= Input data =
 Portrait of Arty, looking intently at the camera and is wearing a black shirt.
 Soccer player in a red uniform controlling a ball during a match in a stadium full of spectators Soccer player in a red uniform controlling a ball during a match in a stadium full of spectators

---

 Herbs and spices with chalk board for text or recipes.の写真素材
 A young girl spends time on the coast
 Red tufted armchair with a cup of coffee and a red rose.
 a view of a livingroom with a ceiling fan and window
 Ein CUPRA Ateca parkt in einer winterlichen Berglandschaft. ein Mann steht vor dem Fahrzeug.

= Problem details =
In the listing above, transcribe exactly everything from the line containing "Portrait of Arty, looking" down to the line containing "of spectators Soccer", including both and nothing more.

= Answer to the problem =
 Portrait of Arty, looking intently at the camera and is wearing a black shirt.
 Soccer player in a red uniform controlling a ball during a match in a stadium full of spectators Soccer player in a red uniform controlling a ball during a match in a stadium full of spectators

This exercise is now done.